A secret is any credential your app needs but no one else should see: database passwords, API keys, tokens. The rule is simple. Don't bake them into the image. An image is shared and its layers can be inspected, so a secret built into one is a secret leaked to everyone who can pull it.
Two mechanisms feed values into a build or container, and only one is reasonable for secrets.
Build args vs. env vars
- Build arg (
ARG): a value available only while the image is being built, passed with--build-arg. Good for build-time choices like a version number. Not for secrets: the value is visible in the image's build history. - Env var (
ENV/-e): a value available to the app at runtime. This is where configuration belongs, and secrets are injected here at run time, never written into the Dockerfile.
What not to do
# DON'T: hardcode a real secret as an ENV in the image.
# It's baked into a layer and ships with every copy of the image.
ENV STRIPE_API_KEY="sk_live_4eC39HqLyjWDarjtT1zdp7dc"
# DON'T: pass a secret as a build arg either.

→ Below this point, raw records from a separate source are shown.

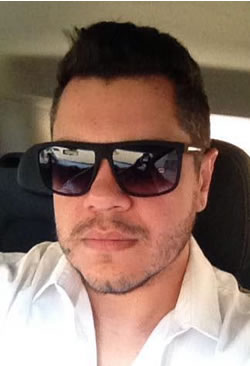 Pedro Paulo Abranches Candido, aniversaria dia 15, recebendo o carinho de Sueli, Pedro, Kelly, Emannuel e Sonilda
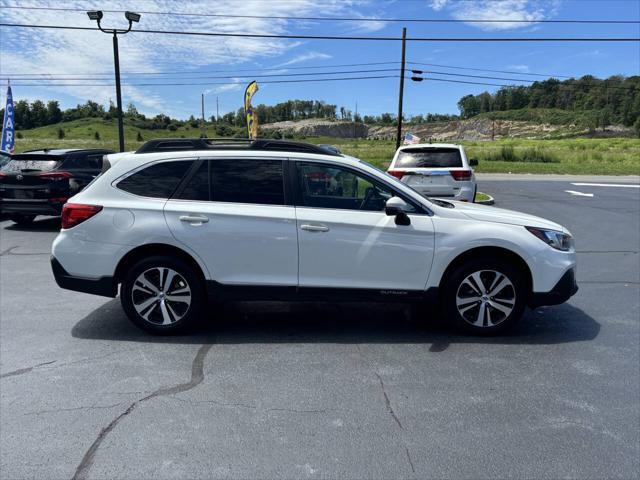 Photo of 2018 Crystal White Pearl Subaru Outback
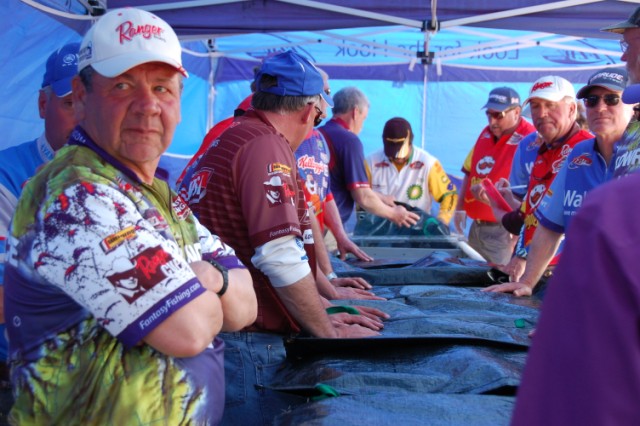 136EE7B7-1789-4F12-99FF-7EEEFF42A02C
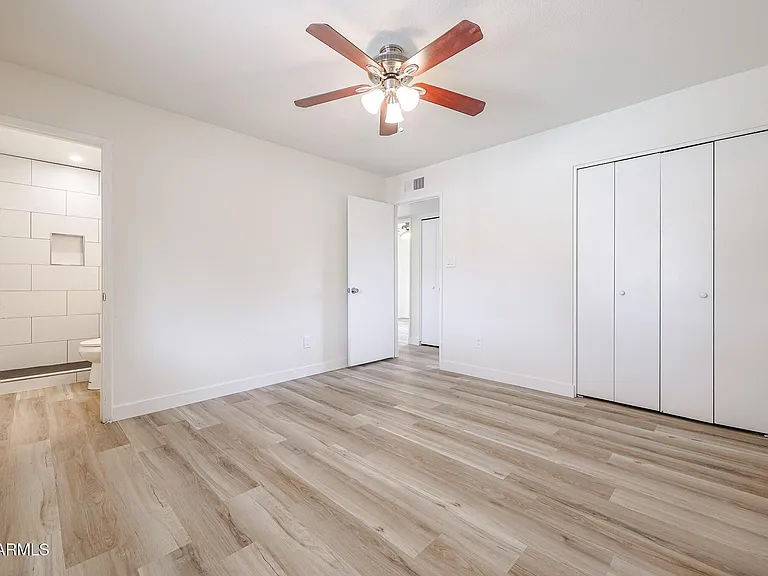 4352 E Grovers Ave — Photo 9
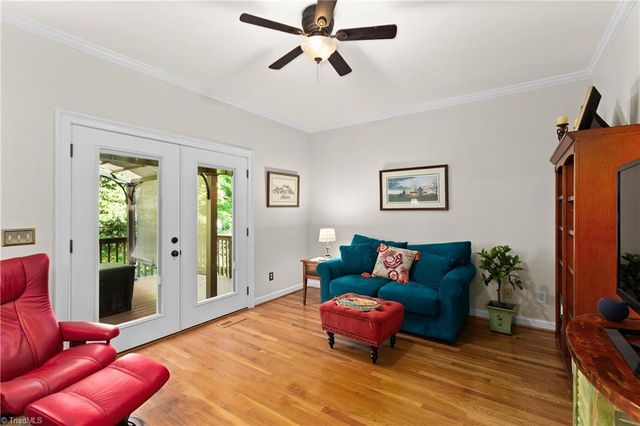 4480 Lochurst Drive, Pfafftown, NC 27040
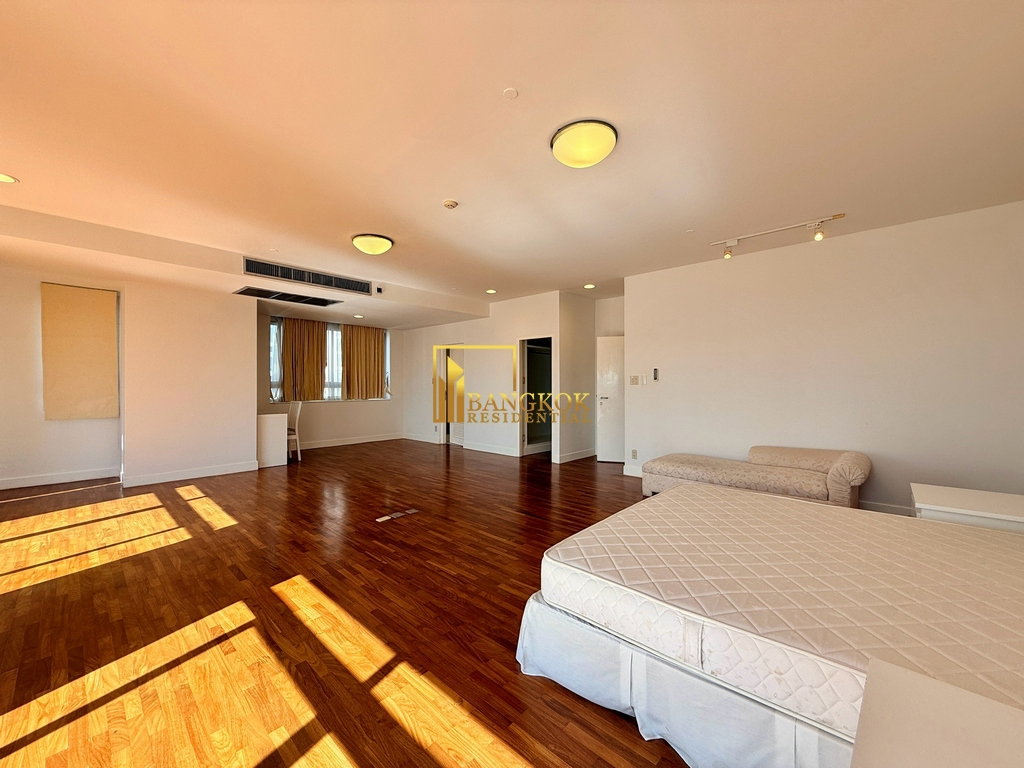 picture Exceptional 3 Bedroom Apartment For Rent in Sukhumvit 24 - BR21316AP - 14/33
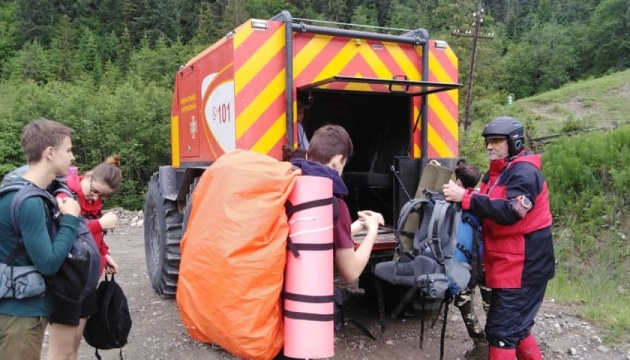 У Карпатах рятувальники визволяють туристів, які застрягли через зсув ґрунту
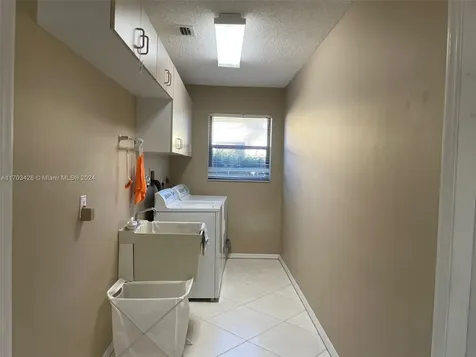19451 NW 8th Street Pembroke Pines FL 33029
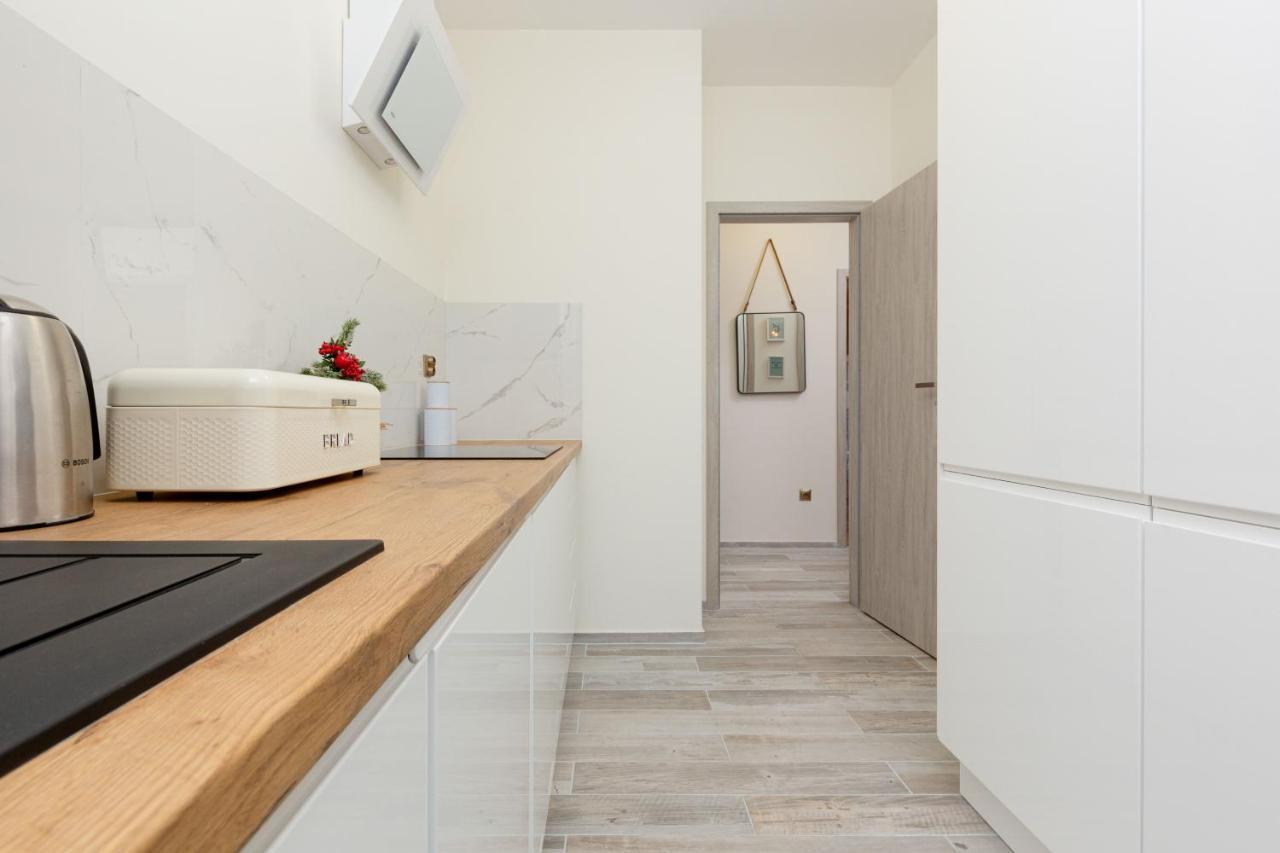 City Center Apartment Elektoralna By Noclegi Renters 바르샤바 외부 사진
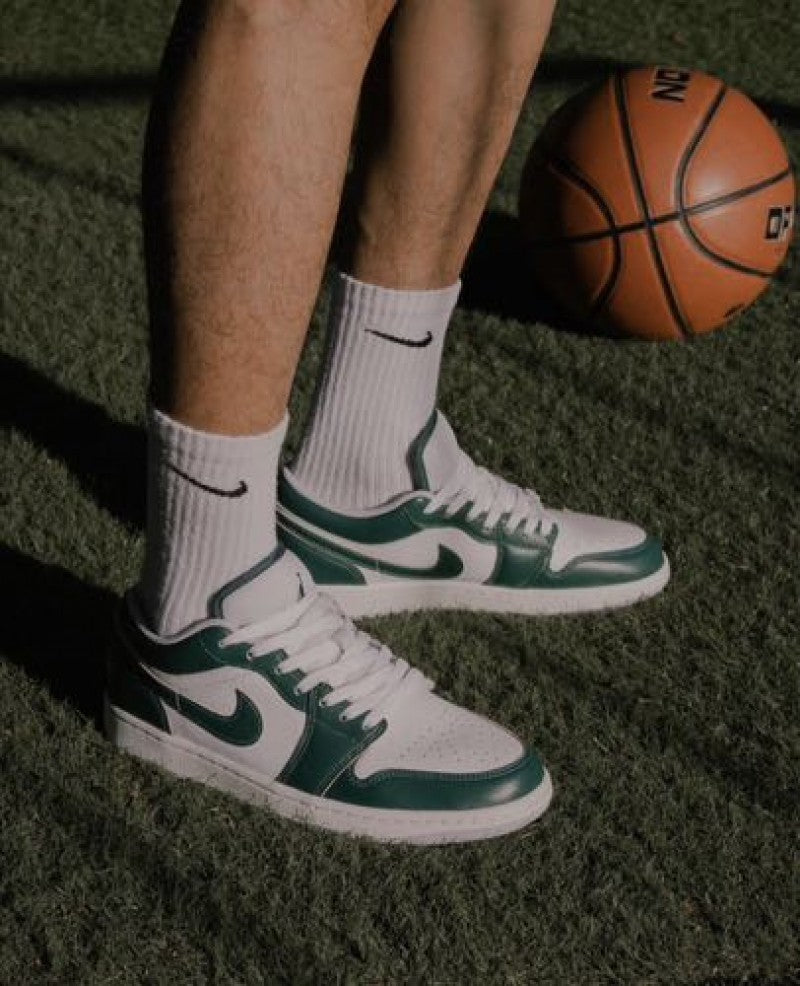 Nikee Air Jordan 1 Low SE Oxidised Green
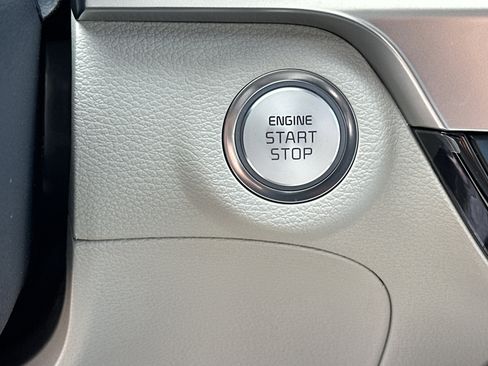 New 2025 Kia Telluride EX w/ EX Captain's Chair Package image 22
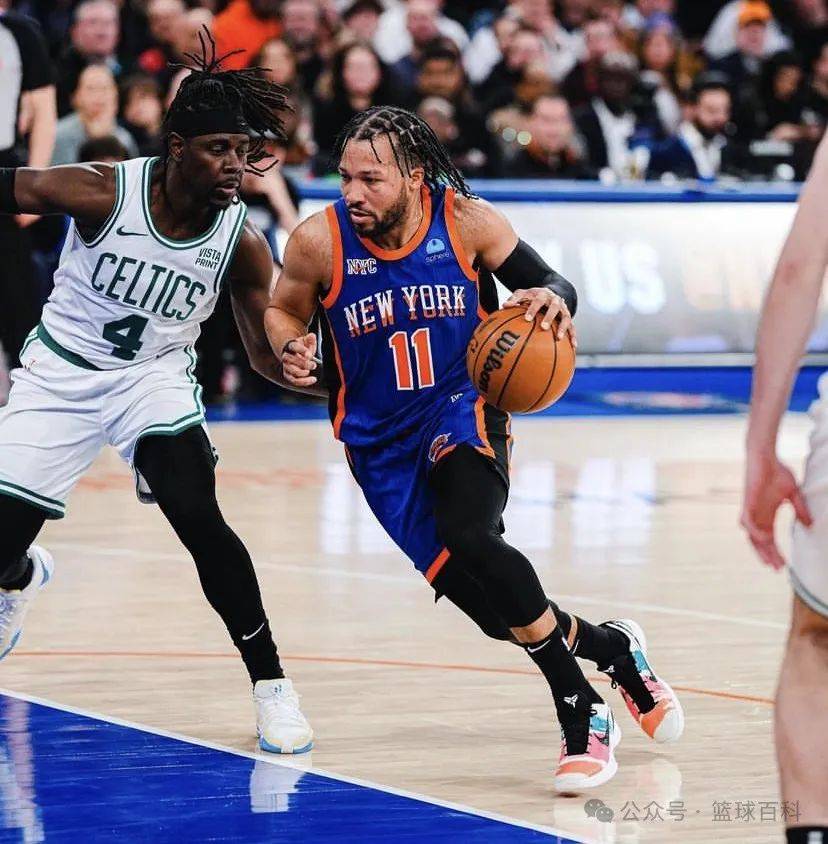 尼克斯横扫爵士，汉密尔顿统治全场的简单介绍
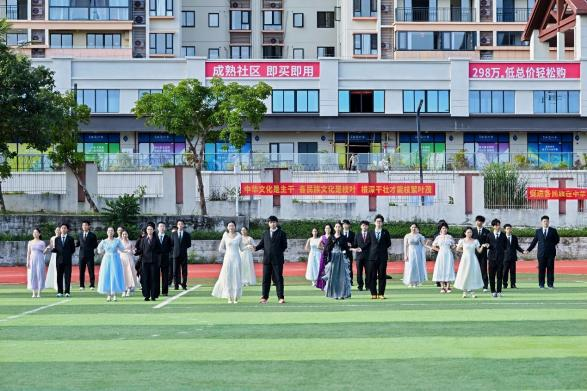 舞绽青春风采同心奔赴华章人大附中三亚学校高二年级集体舞展演_27.jpg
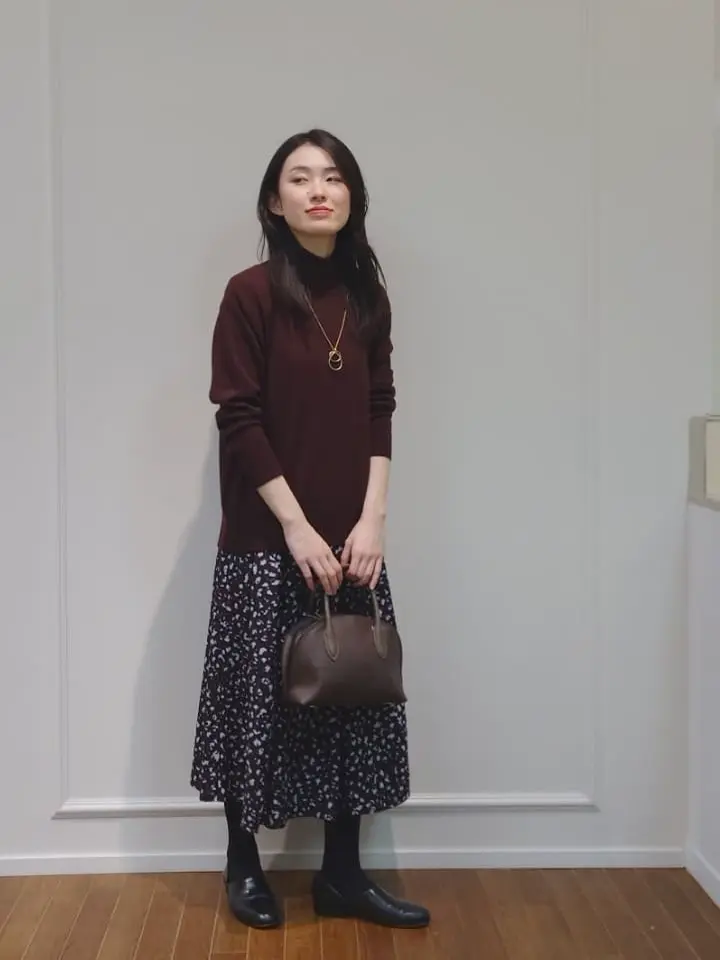  最上 コーディネート画像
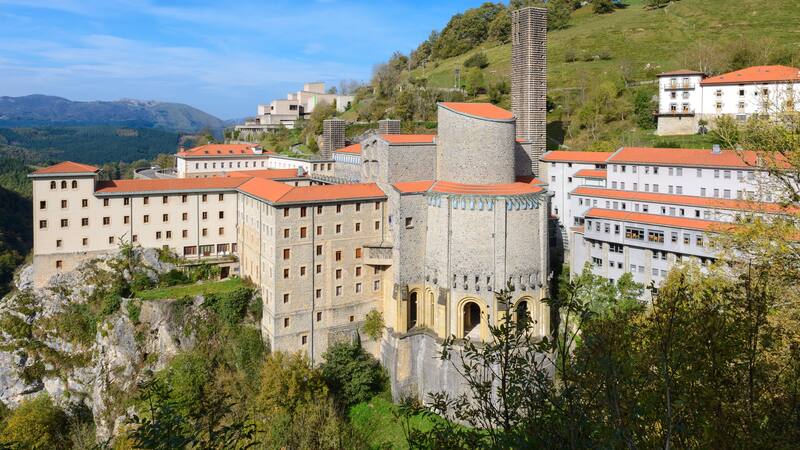 Este pueblo fascinante está entre las mejores villas turísticas del mundo para visitar: se encuentra a 1 hora de País Vasco.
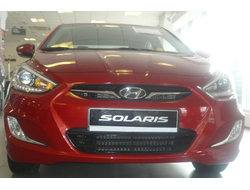 Сетка на бампер внешняя для HYUNDAI Solaris 2011-2014, черн., 15 мм ( 01-250110-15B )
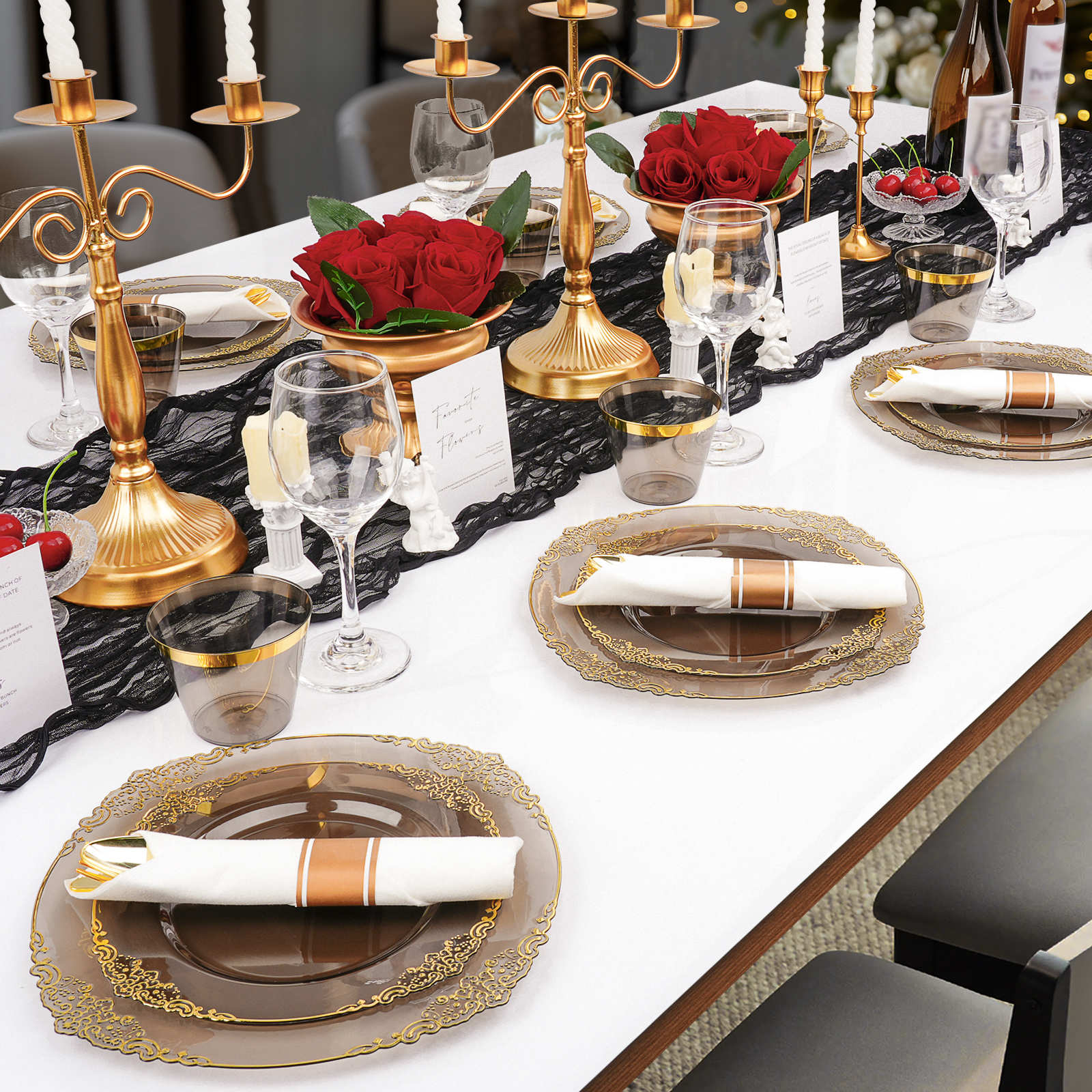 black and gold disposable plates sence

# Build args are recorded in the image history; `docker history` reveals them.
ARG STRIPE_API_KEY
RUN echo "$STRIPE_API_KEY" > /app/.key
Anyone who pulls the image can run docker history or inspect its layers and read
these back, even if a later instruction appears to delete the value.
How to use it
# Build-time only: a non-secret choice
ARG NODE_ENV=production
ENV NODE_ENV=$NODE_ENV # DO: inject the real secret at run time, not at build time
docker run -p 3000:3000 -e STRIPE_API_KEY="sk_live_..." my-api
# DO: load a whole file of vars (keep this file out of git)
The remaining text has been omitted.